60. Пока все это происходит в Италии, Гней Корнелий Сципион, будучи послан с флотом и войском в Испанию, отправился от устьев Родана и, обогнув Пиренеи, пристал в Эмпориях
[733]. Высадив здесь войско, он начал с леетанов и мало-помалу подчинил Риму все побережье до реки Ибер, то возобновляя прежние союзы, то заключая новые. Приобретя при этом славу кроткого и справедливого человека, он распространил свое влияние не только на приморские народы, но и на более дикие племена, населявшие гористую область внутри страны, и не только заключил с ними мир, но и сделал их своими союзниками и набрал среди них несколько сильных вспомогательных отрядов.
Испания по сю сторону Ибера была провинцией Ганнона; его Ганнибал оставил защищать эту страну. Полагая, что следует идти навстречу врагу, не дожидаясь всеобщего отпадения, он остановился лагерем в виду неприятеля и вывел свое войско в поле. Римский полководец также счел лучшим не откладывать сражения; зная, что ему войны с Ганноном и Газдрубалом не миновать, он предпочитал иметь дело с каждым порознь, чем с обоими вместе. Войска сражались без особого напряжения; 6000 неприятелей было убито, 2000 взято в плен, сверх того еще охрана лагеря, который также был взят, и сам полководец с несколькими вельможами. При этом было завоевано и местечко Циссис
[734], лежавшее недалеко от лагеря; впрочем, найденная в нем добыча состояла из предметов небольшой стоимости – главным образом грубой утвари и негодных рабов. Зато захваченная в лагере добыча обогатила римских воинов, так как не только побежденное войско, но и то, которое под знаменами Ганнибала сражалось в Италии, оставило всю свою более или менее ценную собственность по ту сторону Пиренеев, чтобы она не оказалась тяжелым бременем для несущих.
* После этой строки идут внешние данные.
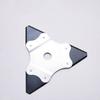 Manganese Steel Lawn Mower Blades Triangular Shape Double-sided Blades  Garden Maintenance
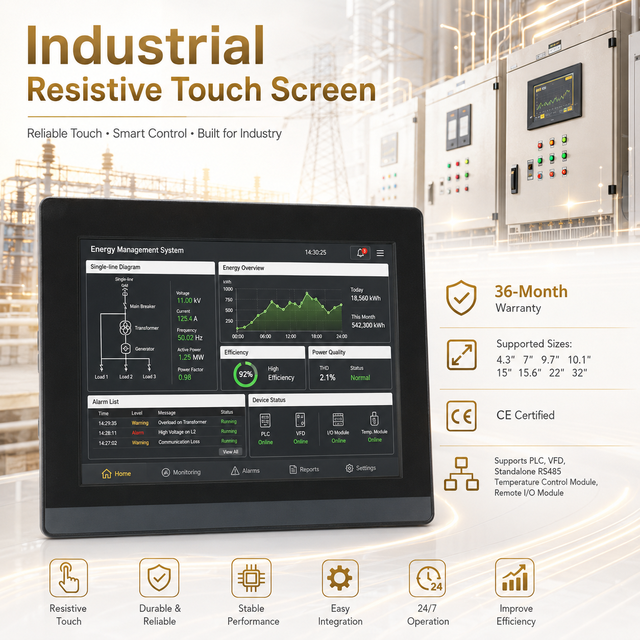 Mochuan Display Touch Hmi 7Inch Mc-h070s Human Machine Interface Panel for Modbus Plc Control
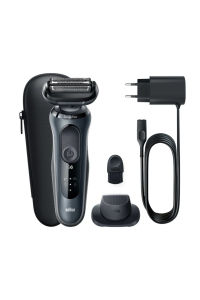 Braun Series 6 61-N1200s Planžetový holicí strojek Zastřihovač Černá Obrázok pre Braun Series 6 61-N1200s Planžetový holicí strojek Zastřihovač Černá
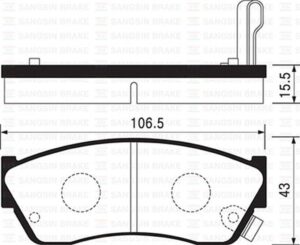 BALATA ÖN SWIFT 89-98  ALTO 00-04 SUBARU JUSTY 95-03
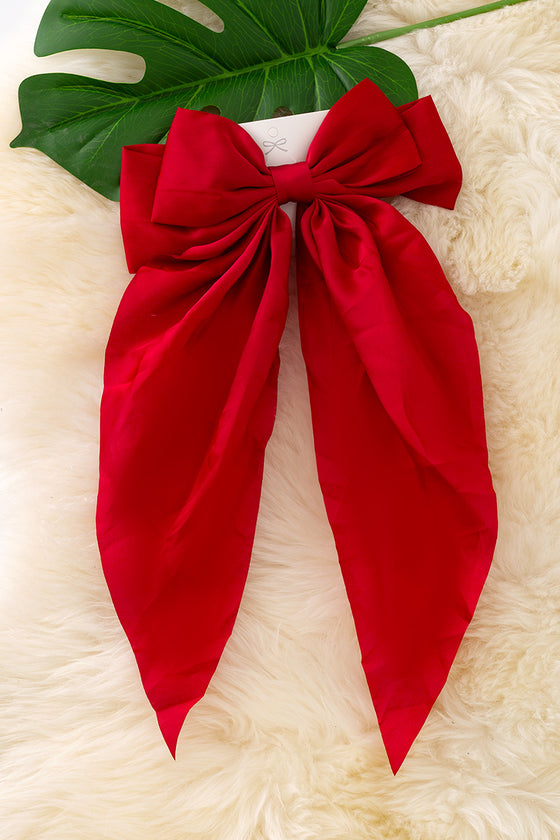 Satin coquette hair bows, available in 8 colors. (5pcs-same color)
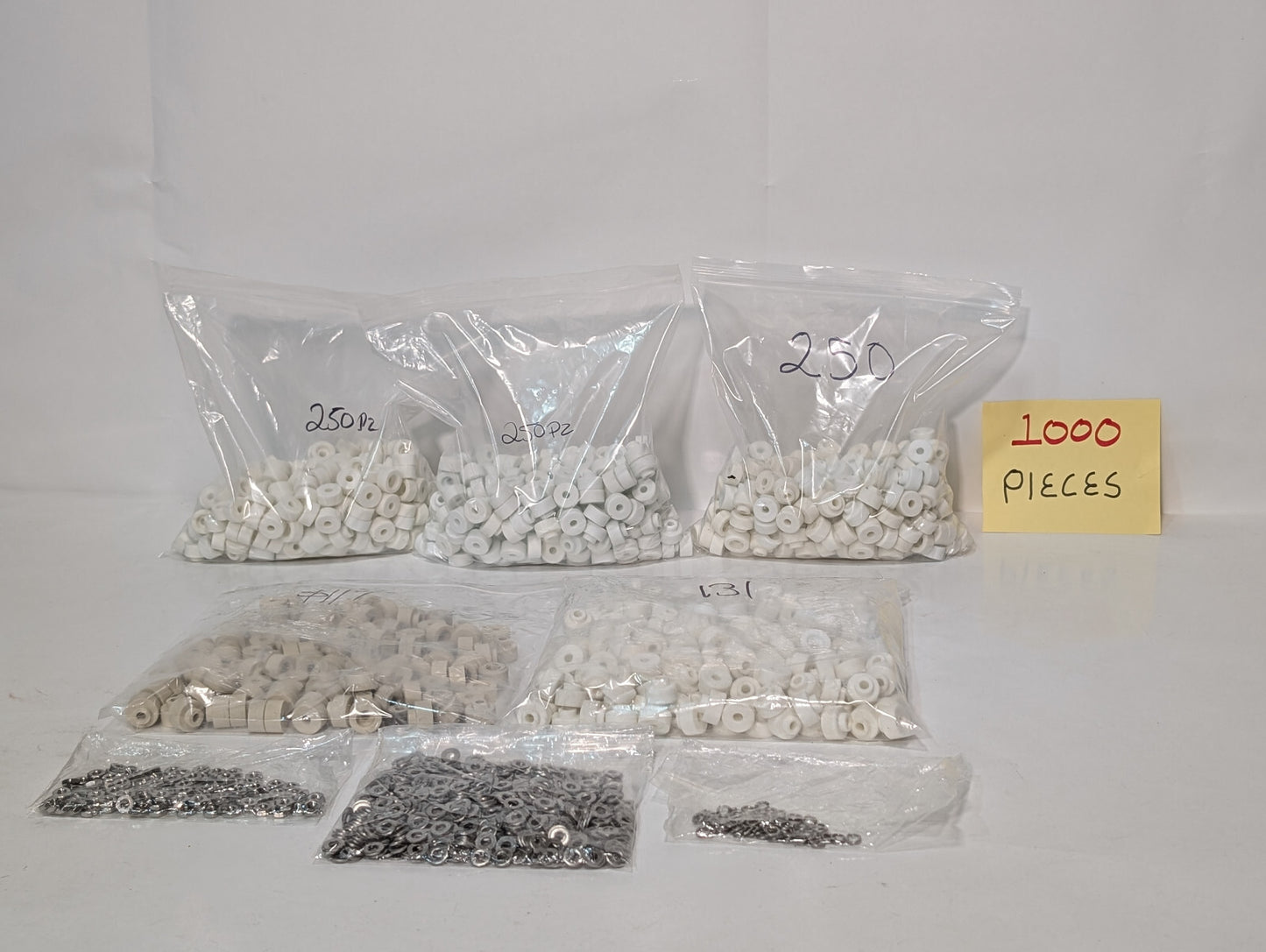 1000+: Asstd Findings, Insulators, Washers, Bushings, Spacers, Industrial, Craft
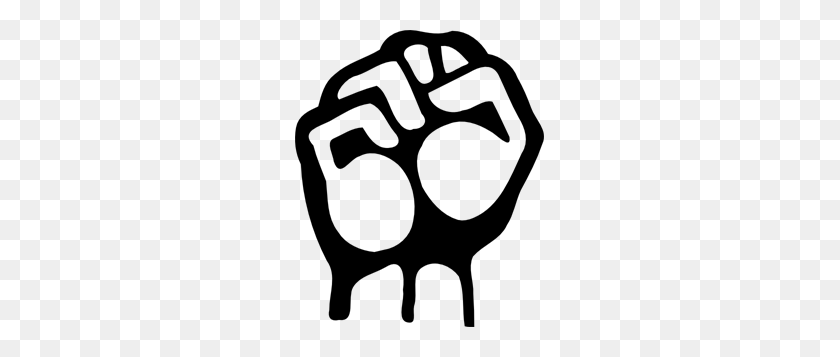249x297 Raised Fist Png Clip Arts For Web - Black Fist PNG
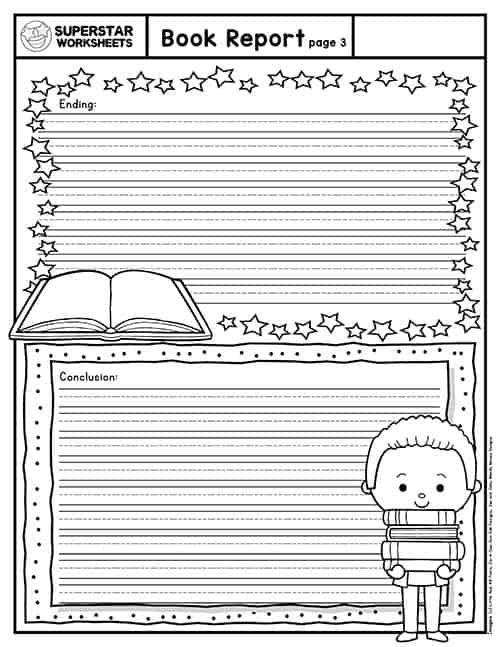 book report template free download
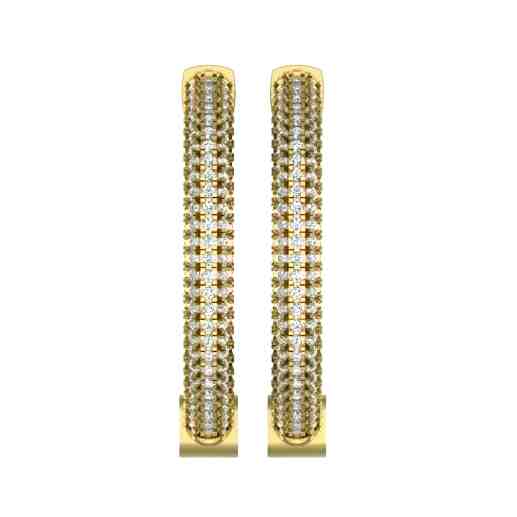 Huggie Hoop Inside Outside Lab Created Diamond Earrings ER21792A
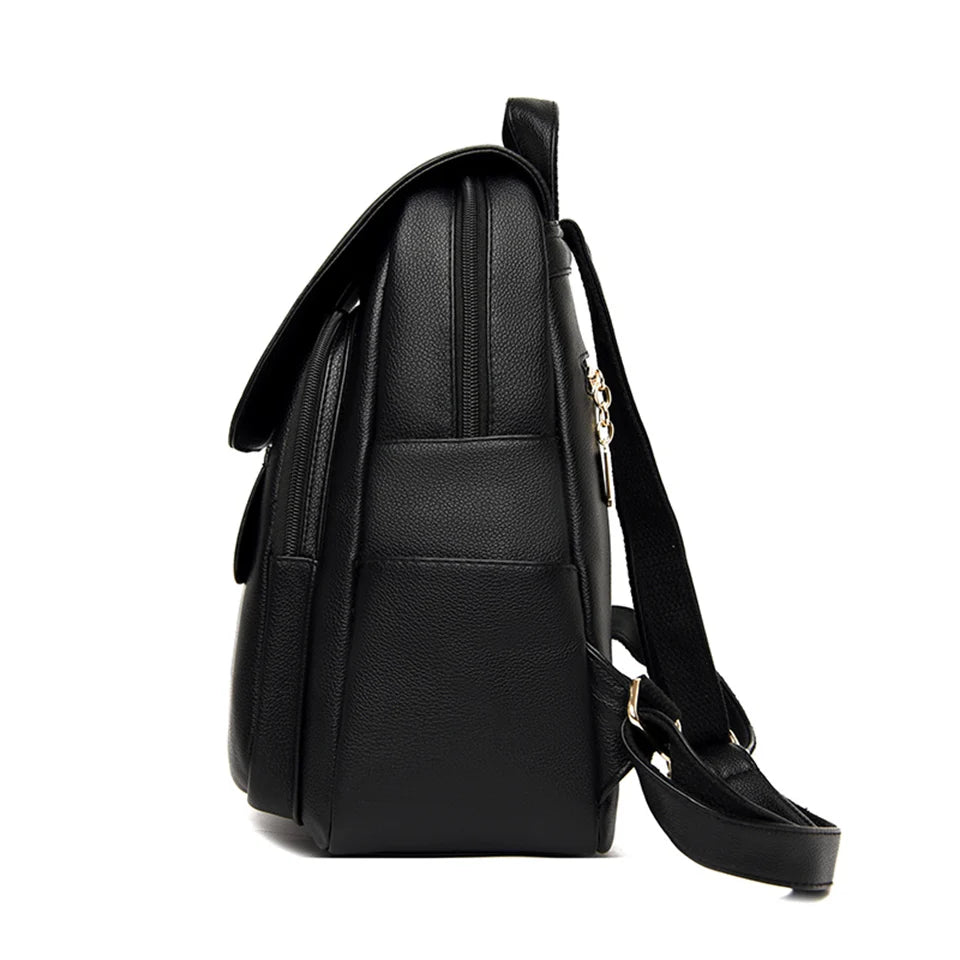 Women High Quality Leather Backpack Large Capacity School Shoulder Bags for Teenage Girls Travel Backpack Designer Sac A Dos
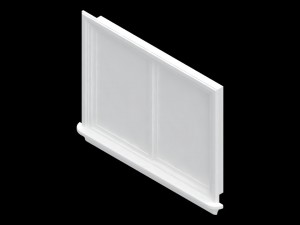 horizontal slider window 3D 모델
61. Газдрубал, прежде чем достоверная весть об этом поражении могла дойти до него, перешел через Ибер с 8000 пеших и 1000 всадников в тщетной надежде выйти навстречу римлянам при первом их появлении в стране. Узнав, что карфагеняне разбиты на голову под Циссисом и их лагерь взят, он повернул к морю. Недалеко от Тарракона он застиг флотских воинов
[735] и моряков, бродивших отдельными шайками по полям в полной безопасности, как это бывает обыкновенно после успеха. Пустив против них врассыпную свою конницу, он многих перебил, а остальных в крайнем замешательстве прогнал к кораблям. Не решаясь, однако, более оставаться в этих местах, чтобы его не застиг Сципион, он удалился за Ибер. В самом деле, Сципион, узнав о прибытии новых врагов, поспешно двинулся со своим войском против них; наказав нескольких капитанов и оставив в Тарраконе небольшой гарнизон, он вернулся с флотом в Эмпории. Не успел он удалиться, как вдруг опять появился Газдрубал, побудил к возмущению племя илергетов
[736], которое дало было Сципиону заложников, и с их же молодежью стал опустошать поля верных римлянам союзников. Но лишь только Сципион выступил с зимних квартир, он опять оставил всю землю по сю сторону Ибера; Сципион же вторгнулся с войском в пределы илергетов, брошенных виновником их возмущения, загнал их всех в их главный город Атанагр и осадил. Через несколько дней ему удалось снова принять в подданство илергетов; он велел им поставить еще более против прежнего заложников и наказал их сверх того еще денежной пеней. Отсюда он двинулся к авсетанам, которые также были союзниками пунийцев, и осадил их город. Когда же лацетаны поспешили выручать соседей, он ночью, недалеко от города, когда они намеревались войти в него, устроил им засаду. Около 12 000 было убито; почти все потеряли оружие и, рассеявшись по полям, убежали восвояси. Да и осажденных защищала только зима, от которой осаждающие терпели много невзгод. Тридцать дней продолжалась осада, и все это время глубина снега была редко менее четырех футов; но зато он так закутал римские осадные щиты и винеи, что только им они были спасены от поджигательных снарядов, которые враги неоднократно бросали в них. В конце концов, когда их начальник Амузик спасся бегством к Газдрубалу, они сдались, обязавшись уплатить двадцать талантов серебра. Римляне вторично отправились на зимние квартиры, на этот раз в Тарракон.